[p4] How many of you use a sandbox area for user items.

Brian Colfer briancolfer at comcast.net
Tue May 9 00:42:37 PDT 2006


I've been at companies where sandboxes are standard and I've set this
practice up a few times.  I think it's a great idea but wanted to see how
much of a "Best Practice" it is.

Slava,  I don't understand how your response addresses my question.  Are you
saying that you check in your build products into a perforce depot? It seems
that you are referencing a workspace directory... I don't get it.



-----Original Message-----
From: Slava Imeshev [mailto:imeshev at yahoo.com] 
Sent: Monday, May 08, 2006 7:54 PM
To: Brian Colfer; perforce-user at perforce.com
Subject: Re: [p4] How many of you use a sandbox area for user items.
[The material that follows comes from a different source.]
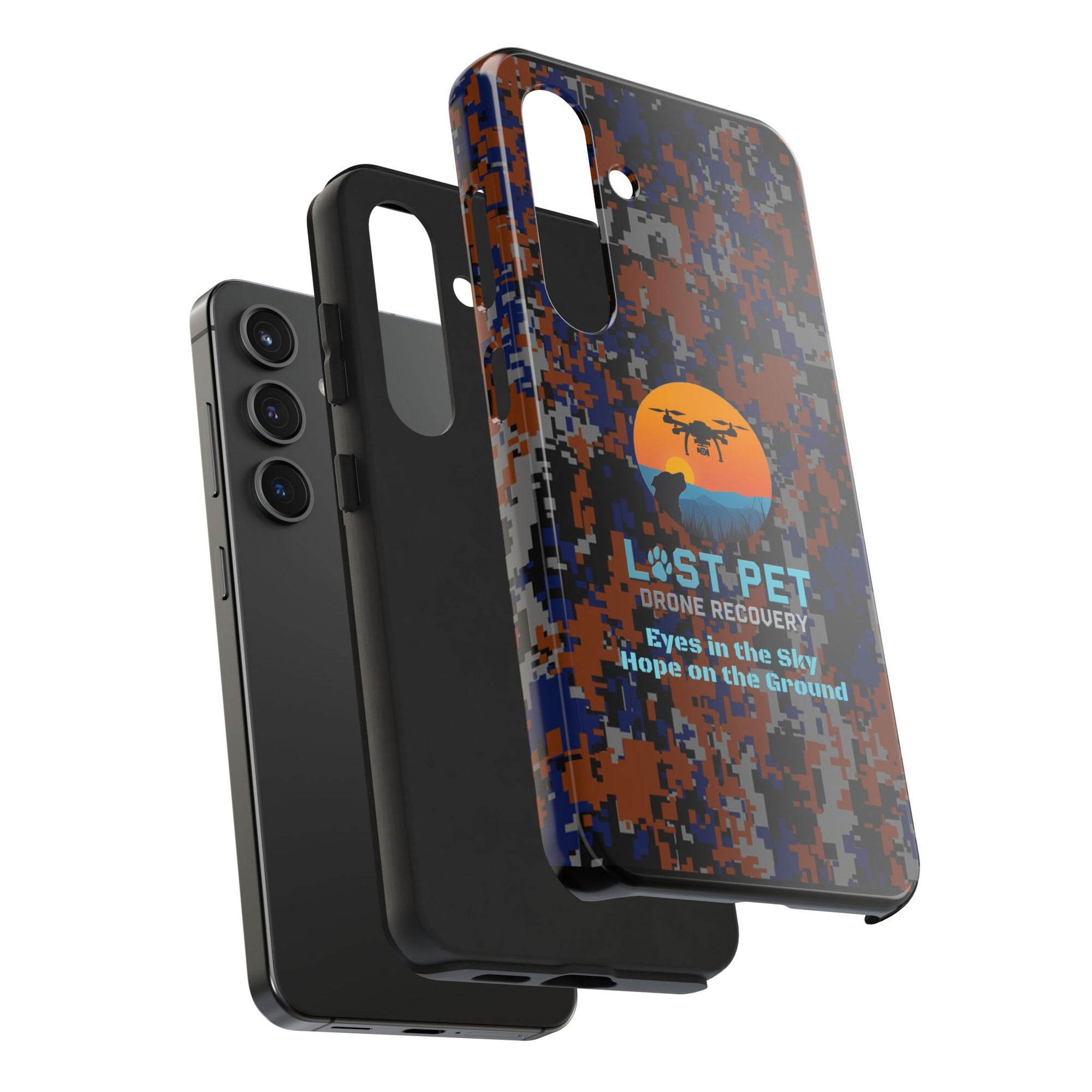 Lost Pet Drone Recovery Phone Case - Blue & Orange Camo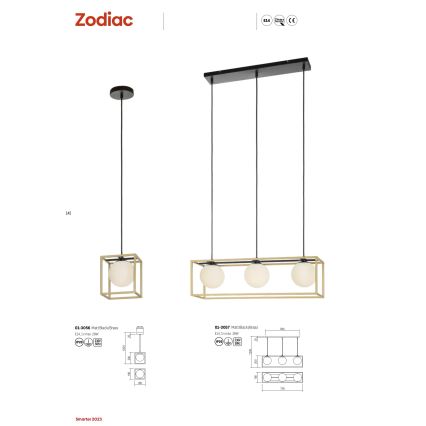 Redo 01-3056 - Luster na sajli ZODIAC 1xE14/28W/230V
----- Original Message ----- 
From: "Brian Colfer" <briancolfer at comcast.net>
To: <perforce-user at perforce.com>
Sent: Monday, May 08, 2006 6:16 PM
Subject: [p4] How many of you use a sandbox area for user items.


> List,   do you use a sandbox ... or other area defined for user specific
> items?  
> 
> That is besides ... you Stephen P. 

Generally we recommend our customers to limit items that 
are not a part of the depot view to the build results stored under 
a single directory. Such directory is called temp usually.

This allows to clean up such directory at a single shot as a part
of the build process, something along the 

  make clean 

lines.

The directory structure under the root of the client spec aka workplace 
usually looks as the following if this approach is followed:

./3rdparty
./src
./bin
./doc
./temp

This way those "user-specific" items are contained to the temp dir
and don't intersect with normal operations on the workplace.